Um elemento importante do PAG é o design abrangente e integrativo das Paisagens de Retenção de Água, que são implementadas como modelos holísticos à escala das bacias hidrográficas regionais. Os movimentos populares de restauração podem atrair apoio e inspiração destes projectos modelo, o que resultará na difusão de um movimento descentralizado em crescente expansão mundial. Assim sendo, a restauração global é alcançada através da acção local.
Implementar o Novo Paradigma da Água tem três resultados interligados:
Restauração Regenerativa de Ecossistemas
Restauração Climática
Regeneração Social
Restauração de Ecossistemas Regenerativos
A abundância ao nível de água e alimento pode ser realidade para todos os habitantes da Terra, caso os princípios da gestão natural de água forem compreendidos e implementados.
Esta compreensão e a sua implementação conduzirá ao restauro do ecossistema mundial.
Os princípios cruciais da gestão natural da água são:
descentralização da gestão da água
prevenção de escoamento desnecessário de água, recorrendo à infiltração de águas pluviais no corpo terrestre
replantação abundante das bacias hidrográficas.
Restaurar os ciclos hidrológicos naturais só será possível através de actividades localizadas e descentralizadas. Para que as pessoas se tornem responsáveis e actuem com seriedade de forma a restaurar os seus ecossistemas locais, temos de examinar a gestão da água primeiramente ao nível de cada bacia hidrográfica. Os movimentos descentralizados têm ciclos de feedback curtos e eficazes, que permitem que as pessoas observem e sintam os efeitos das suas próprias acções.
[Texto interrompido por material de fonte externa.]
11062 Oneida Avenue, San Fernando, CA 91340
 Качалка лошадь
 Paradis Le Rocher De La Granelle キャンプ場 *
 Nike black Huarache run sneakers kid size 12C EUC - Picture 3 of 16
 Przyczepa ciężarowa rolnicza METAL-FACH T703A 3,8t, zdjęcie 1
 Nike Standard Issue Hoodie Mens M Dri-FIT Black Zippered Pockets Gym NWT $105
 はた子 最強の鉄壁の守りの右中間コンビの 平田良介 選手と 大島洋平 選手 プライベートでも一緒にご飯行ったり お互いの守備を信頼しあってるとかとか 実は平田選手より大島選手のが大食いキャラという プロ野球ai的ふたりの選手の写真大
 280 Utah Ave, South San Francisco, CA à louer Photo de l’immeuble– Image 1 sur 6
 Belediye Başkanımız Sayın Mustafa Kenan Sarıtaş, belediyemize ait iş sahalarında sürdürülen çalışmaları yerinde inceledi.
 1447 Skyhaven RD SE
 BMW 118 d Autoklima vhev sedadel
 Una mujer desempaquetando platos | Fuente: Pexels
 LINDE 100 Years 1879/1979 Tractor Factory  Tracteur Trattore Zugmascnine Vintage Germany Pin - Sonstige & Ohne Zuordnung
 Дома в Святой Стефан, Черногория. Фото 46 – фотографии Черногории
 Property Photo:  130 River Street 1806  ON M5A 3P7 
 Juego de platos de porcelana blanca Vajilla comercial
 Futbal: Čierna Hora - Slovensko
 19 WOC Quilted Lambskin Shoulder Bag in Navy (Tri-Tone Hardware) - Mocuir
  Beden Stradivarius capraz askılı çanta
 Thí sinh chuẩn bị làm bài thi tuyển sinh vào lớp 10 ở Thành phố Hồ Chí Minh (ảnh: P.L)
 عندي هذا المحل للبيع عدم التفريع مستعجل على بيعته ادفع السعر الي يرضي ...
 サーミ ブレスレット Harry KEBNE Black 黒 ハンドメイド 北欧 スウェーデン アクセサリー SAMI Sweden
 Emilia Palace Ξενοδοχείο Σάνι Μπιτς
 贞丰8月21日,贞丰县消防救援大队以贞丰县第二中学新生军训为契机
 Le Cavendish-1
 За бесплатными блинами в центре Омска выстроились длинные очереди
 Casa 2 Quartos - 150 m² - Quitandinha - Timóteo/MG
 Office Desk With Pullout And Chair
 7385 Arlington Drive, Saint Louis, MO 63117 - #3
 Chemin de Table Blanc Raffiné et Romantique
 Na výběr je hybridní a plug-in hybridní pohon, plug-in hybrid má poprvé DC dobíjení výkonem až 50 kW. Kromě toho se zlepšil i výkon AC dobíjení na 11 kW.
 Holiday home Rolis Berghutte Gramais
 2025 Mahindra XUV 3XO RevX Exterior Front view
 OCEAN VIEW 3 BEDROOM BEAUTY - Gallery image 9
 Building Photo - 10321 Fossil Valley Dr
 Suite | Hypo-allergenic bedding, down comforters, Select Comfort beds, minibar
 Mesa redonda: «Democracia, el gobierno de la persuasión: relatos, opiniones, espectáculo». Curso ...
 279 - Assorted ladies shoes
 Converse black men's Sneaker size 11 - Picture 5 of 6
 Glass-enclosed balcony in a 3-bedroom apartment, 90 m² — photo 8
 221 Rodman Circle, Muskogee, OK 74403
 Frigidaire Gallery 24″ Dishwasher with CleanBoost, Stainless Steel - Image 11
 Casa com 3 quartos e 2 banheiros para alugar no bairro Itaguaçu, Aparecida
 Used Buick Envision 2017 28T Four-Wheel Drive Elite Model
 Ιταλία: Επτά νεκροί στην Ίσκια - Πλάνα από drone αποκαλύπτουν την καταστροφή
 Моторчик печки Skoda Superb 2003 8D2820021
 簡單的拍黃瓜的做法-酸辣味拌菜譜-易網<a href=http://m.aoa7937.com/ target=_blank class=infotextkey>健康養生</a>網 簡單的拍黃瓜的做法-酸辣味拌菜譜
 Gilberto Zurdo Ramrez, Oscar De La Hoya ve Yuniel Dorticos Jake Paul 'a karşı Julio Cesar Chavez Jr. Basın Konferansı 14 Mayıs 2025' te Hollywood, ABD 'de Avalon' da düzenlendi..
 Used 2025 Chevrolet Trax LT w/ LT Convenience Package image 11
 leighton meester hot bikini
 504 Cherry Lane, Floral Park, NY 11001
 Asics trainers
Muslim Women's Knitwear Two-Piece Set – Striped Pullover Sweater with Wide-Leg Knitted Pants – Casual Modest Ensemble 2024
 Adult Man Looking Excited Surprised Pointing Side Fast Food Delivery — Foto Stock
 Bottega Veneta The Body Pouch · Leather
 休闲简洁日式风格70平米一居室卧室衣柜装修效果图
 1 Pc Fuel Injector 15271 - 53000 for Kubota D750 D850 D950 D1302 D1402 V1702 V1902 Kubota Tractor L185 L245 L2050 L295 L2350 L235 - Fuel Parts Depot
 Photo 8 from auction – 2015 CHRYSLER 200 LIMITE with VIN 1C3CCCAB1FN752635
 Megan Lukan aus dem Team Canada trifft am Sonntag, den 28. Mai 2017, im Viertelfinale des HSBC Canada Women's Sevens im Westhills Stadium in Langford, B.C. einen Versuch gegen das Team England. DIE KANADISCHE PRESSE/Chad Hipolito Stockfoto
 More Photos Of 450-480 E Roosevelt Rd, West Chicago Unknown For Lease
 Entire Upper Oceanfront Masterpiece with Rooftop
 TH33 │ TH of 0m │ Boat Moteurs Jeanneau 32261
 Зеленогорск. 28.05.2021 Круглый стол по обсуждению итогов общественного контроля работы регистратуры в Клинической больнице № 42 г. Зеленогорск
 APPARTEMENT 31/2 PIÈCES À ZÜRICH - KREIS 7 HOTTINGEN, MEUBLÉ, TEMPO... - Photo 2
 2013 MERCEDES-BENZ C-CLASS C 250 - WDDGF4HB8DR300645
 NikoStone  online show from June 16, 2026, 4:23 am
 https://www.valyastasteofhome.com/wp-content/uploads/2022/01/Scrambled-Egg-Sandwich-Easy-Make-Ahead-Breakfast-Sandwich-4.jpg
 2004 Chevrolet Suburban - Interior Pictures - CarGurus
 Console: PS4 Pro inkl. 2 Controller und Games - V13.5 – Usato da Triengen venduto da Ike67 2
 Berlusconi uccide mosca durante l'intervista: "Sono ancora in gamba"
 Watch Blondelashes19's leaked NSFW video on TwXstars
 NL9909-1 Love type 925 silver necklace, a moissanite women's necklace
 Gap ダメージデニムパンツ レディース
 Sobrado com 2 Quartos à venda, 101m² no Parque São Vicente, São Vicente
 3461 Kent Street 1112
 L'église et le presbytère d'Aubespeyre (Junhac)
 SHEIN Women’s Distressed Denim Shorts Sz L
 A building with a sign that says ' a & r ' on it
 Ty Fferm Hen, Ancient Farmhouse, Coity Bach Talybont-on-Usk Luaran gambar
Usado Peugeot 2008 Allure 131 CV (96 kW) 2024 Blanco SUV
O cidadão comum fica assim capacitado para restaurar as paisagens que habita, observando como uma gestão responsável da água beneficia a sua própria vida. Seguindo os princípios do Novo Paradigma da Água, a gestão descentralizada da Água activa também a re-diversificação da agricultura regional. Projectos centralizados de grande escala não oferecem as mesmas vantagens.
Actualmente, os ciclos hidrológicos naturais encontram-se danificados no mundo inteiro. A água da chuva não consegue infiltrar-se no solo devido à erosão e à má gestão da vegetação. Isso é causado principalmente por práticas agrícolas industriais e pela ampla impermeabilização das superfícies urbanas. O escoamento da água da chuva priva os ecossistemas da água necessária e seca-os progressivamente. Os reservas de água subterrânea esgotam-se e as nascentes secam, acelerando o processo de desertificação. Os padrões de precipitação tornam-se mais extremos e provocam danos às infraestruturas, poluição nos rios e inundações. Desta forma, os ecossistemas são destruídos, a gravidade dos eventos hídricos aumenta e a agricultura torna-se cada vez mais difícil.
Para reverter essa situação, o primeiro passo é implementar medidas de retenção de água da chuva que permitam que a água se infiltre no corpo terrestre e que a vegetação aumente novamente, regenerando o solo superficial. Os ciclos hidrológicos naturais são um pré-requisito para restaurar ecossistemas intactos e, assim, desenvolver uma agricultura regenerativa.
Num ecossistema com ciclos hidrológicos naturais intactos, grande parte da terra é sombreada e permeada por raízes de vegetação diversa. Uma camada fértil de solo superficial, protegida pela vegetação densa, absorve a maior parte da água da chuva. A partir daí, a água da chuva infiltra-se lentamente no solo, recarregando aquíferos que ressurgem como água de nascente mineralizada e vitalizada. O corpo terrestre serve de amortecedor, absorvendo até as chuvas fortes. Quando os aquíferos estão saturados, a água está disponível em fontes e poços, mesmo durante a estação seca. Os rios compostos por água de nascente, que flui constantemente, serpenteiam pela terra e fluem até ao mar.
Restauro do Clima
A gestão natural da água não é apenas um factor chave para a restauração regenerativa de ecossistemas, mas, de forma ainda mais radical, é também crucial para a restauração do clima. Mudanças destrutivas do clima, incluindo o aquecimento global do qual resultam as catástrofes naturais, como furacões, são normalmente atribuídas ao aumento das emissões de gases de efeito de estufa. Também é verdade, contudo, que a desertificação e destruição dos ciclos naturais da água são os maiores contribuidores para as alterações climáticas. Com a restauração dos ciclos hidrológicos naturais, podemos restaurar o clima para condições benéficas. Isto significa que podemos almejar muito mais que a simples adaptação às alterações climáticas – podemos apontar para uma verdadeiro restauração do clima.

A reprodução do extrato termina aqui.